US: Housing Market Index

Mon Oct 19 09:00:00 CDT 2015

Consensus Consensus Range Actual Previous Revised
Housing Market Index 62.0 60.0 to 63.0 64 62 61

A strong gain in current sales gave a major boost to the housing market index which, coming in at 64 for October, topped Econoday's high-end forecast for the highest reading since 2005. Current sales, the most heavily weighted component, rose 3 points to 70, strength that points to further gains for new home sales. Pointing to gains for permits and for future sales is a striking 7 point gain to 75 in expected sales six months from now. Still slightly sub-par traffic, unchanged at a sub-50 level of 47, isn't holding down sales, though the lack of traffic does point to lack of participation from first-time home buyers. Otherwise, this report is a standout for the housing outlook and will raise expectations for strength in tomorrow's housing starts & permits report.

Regional data is led by the West, a key sector for new homes where the composite score is up a very sharp 11 points to 76. Following behind is the South, which is the largest sector for new homes where the index is up 1 point to 67. The Midwest follows at 59 with the Northeast, which is by far the smallest region for new homes, continuing to lag at 47.

Market Consensus Before Announcement
The housing market index has been running at 10-year highs and steady news is expected for the October reading, at a consensus 62 for no change.

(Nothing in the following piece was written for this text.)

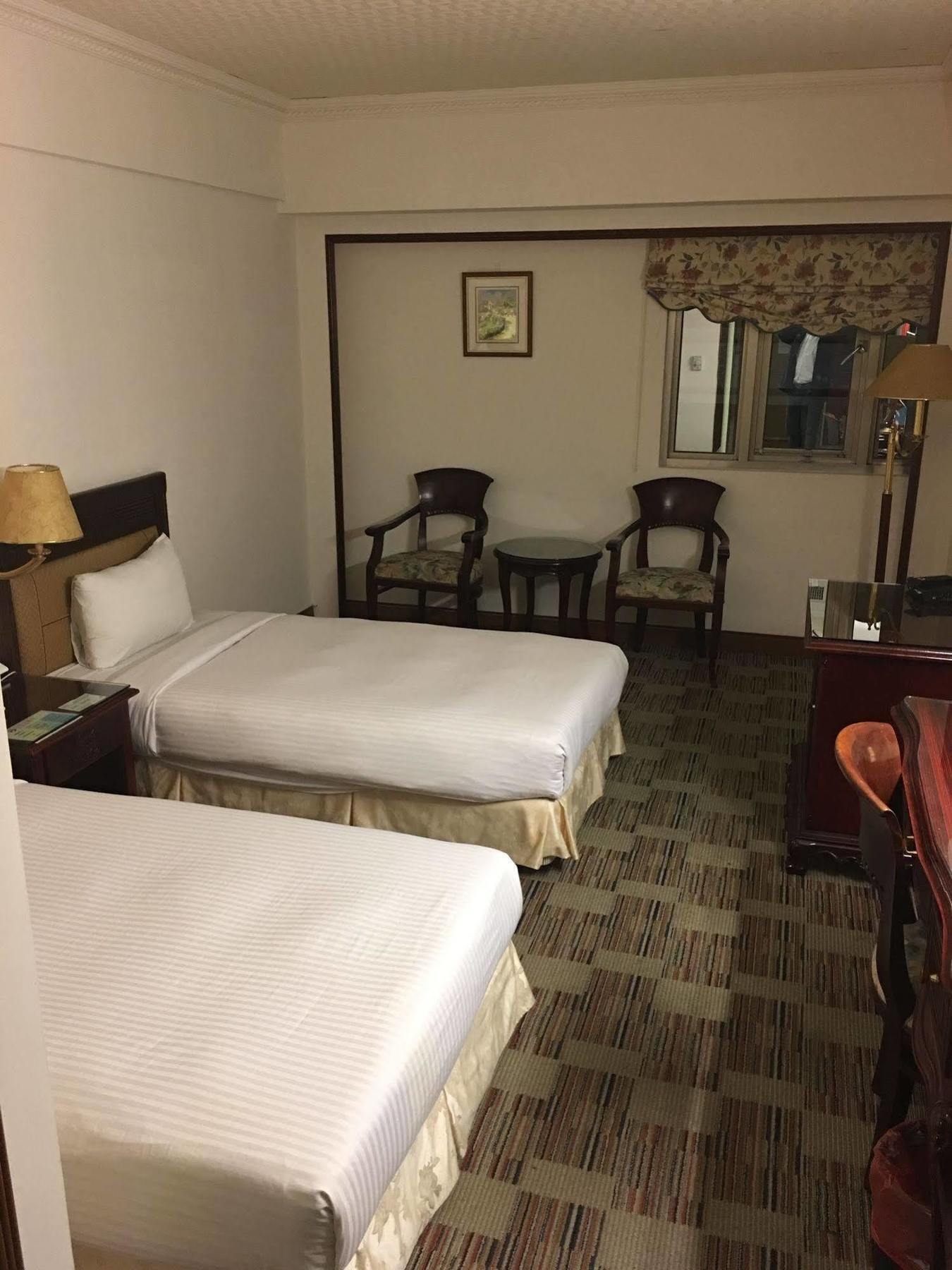 Sunrise Hotel Тайнан Екстериор снимка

The only lagging component has been traffic but this has been on the climb in recent reports. Supply of new homes on the market is low and interest rates are low, two central positives to motivate builders.

The National Association of Home Builders produces a housing market index based on a survey in which respondents from this organization are asked to rate the general economy and housing market conditions. The housing market index is a weighted average of separate diffusion indexes: present sales of new homes, sale of new homes expected in the next six months, and traffic of prospective buyers in new homes.

This report provides a gauge of not only the demand for housing, but the economic momentum. People have to be feeling pretty comfortable and confident in their own financial position to buy a house. Furthermore, this narrow piece of data has a powerful multiplier effect through the economy, and therefore across the markets and your investments. By tracking economic data such as the housing market index, investors can gain specific investment ideas as well as broad guidance for managing a portfolio. Whether the housing market index reflects new home sales or home resales, once a home is sold, it generates revenues for the realtor and the builder. It brings a myriad of consumption opportunities for the buyer. Refrigerators, washers, dryers and furniture are just a few items home buyers might purchase. The economic "ripple effect" can be substantial especially when you think a hundred thousand new households around the country are doing this every month. Since the economic backdrop is the most pervasive influence on financial markets, home sales have a direct bearing on stocks, bonds and commodities. In a more specific sense, trends in the existing home sales data carry valuable clues for the stocks of home builders, mortgage lenders and home furnishings companies.